▶ EXERCISE BRIEF: Beginning at the line that includes "Arum Table Lamp - Vakkerlight" in the entries below, print each line exactly as it appears, through the last one.

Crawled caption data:
++++++++++
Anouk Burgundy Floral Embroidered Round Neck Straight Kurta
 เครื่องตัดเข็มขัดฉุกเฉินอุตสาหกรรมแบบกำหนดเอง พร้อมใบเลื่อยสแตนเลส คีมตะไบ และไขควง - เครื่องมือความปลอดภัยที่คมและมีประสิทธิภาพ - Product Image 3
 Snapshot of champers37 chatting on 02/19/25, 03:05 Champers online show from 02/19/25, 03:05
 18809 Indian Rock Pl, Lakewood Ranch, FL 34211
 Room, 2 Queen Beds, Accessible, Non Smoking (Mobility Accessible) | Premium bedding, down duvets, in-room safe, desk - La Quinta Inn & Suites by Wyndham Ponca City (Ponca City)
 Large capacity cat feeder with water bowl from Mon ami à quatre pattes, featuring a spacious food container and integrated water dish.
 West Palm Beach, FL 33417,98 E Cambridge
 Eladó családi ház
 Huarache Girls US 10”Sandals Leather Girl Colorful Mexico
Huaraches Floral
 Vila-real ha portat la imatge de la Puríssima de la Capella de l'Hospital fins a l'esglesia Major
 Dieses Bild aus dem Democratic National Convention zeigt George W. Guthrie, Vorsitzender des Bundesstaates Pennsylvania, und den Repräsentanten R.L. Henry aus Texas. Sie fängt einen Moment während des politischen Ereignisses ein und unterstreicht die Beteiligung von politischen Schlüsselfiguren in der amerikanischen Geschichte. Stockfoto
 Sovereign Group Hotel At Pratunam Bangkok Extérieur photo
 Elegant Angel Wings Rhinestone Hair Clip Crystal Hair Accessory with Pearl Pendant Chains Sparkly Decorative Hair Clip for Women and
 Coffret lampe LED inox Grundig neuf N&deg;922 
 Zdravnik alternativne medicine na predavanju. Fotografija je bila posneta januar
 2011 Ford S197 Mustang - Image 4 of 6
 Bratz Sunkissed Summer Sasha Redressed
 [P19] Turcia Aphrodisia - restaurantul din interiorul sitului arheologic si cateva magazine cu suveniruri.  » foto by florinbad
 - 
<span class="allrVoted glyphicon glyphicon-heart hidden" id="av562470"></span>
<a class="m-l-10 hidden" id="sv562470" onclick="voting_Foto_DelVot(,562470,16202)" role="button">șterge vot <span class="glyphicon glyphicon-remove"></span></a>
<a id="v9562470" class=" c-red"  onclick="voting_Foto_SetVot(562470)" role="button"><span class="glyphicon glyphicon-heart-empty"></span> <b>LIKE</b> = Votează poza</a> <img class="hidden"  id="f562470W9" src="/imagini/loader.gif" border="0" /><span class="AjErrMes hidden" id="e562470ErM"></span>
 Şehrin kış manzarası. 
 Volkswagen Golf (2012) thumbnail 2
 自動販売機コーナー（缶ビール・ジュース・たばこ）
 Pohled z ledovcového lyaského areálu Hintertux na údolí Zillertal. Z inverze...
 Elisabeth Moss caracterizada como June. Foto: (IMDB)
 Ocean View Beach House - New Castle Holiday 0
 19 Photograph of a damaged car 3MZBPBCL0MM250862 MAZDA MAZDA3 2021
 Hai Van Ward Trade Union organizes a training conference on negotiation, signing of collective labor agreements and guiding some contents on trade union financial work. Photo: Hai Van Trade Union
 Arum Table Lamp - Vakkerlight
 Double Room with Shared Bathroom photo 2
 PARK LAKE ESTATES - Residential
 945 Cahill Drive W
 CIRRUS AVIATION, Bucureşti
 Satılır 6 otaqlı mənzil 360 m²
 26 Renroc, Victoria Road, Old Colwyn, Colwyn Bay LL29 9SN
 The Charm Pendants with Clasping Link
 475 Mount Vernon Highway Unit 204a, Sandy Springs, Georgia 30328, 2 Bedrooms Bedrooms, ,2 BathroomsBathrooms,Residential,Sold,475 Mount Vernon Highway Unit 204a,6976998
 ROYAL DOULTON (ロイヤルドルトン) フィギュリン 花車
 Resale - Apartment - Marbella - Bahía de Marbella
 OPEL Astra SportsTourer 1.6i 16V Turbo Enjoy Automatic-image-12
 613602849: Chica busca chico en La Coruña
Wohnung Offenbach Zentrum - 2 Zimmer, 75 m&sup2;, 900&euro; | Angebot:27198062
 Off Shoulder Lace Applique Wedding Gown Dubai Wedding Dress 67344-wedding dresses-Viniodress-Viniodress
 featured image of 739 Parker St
++++++++++
▶ REPLY TO THE EXERCISE:
 Arum Table Lamp - Vakkerlight
 Double Room with Shared Bathroom photo 2
 PARK LAKE ESTATES - Residential
 945 Cahill Drive W
 CIRRUS AVIATION, Bucureşti
 Satılır 6 otaqlı mənzil 360 m²
 26 Renroc, Victoria Road, Old Colwyn, Colwyn Bay LL29 9SN
 The Charm Pendants with Clasping Link
 475 Mount Vernon Highway Unit 204a, Sandy Springs, Georgia 30328, 2 Bedrooms Bedrooms, ,2 BathroomsBathrooms,Residential,Sold,475 Mount Vernon Highway Unit 204a,6976998
 ROYAL DOULTON (ロイヤルドルトン) フィギュリン 花車
 Resale - Apartment - Marbella - Bahía de Marbella
 OPEL Astra SportsTourer 1.6i 16V Turbo Enjoy Automatic-image-12
 613602849: Chica busca chico en La Coruña
Wohnung Offenbach Zentrum - 2 Zimmer, 75 m&sup2;, 900&euro; | Angebot:27198062
 Off Shoulder Lace Applique Wedding Gown Dubai Wedding Dress 67344-wedding dresses-Viniodress-Viniodress
 featured image of 739 Parker St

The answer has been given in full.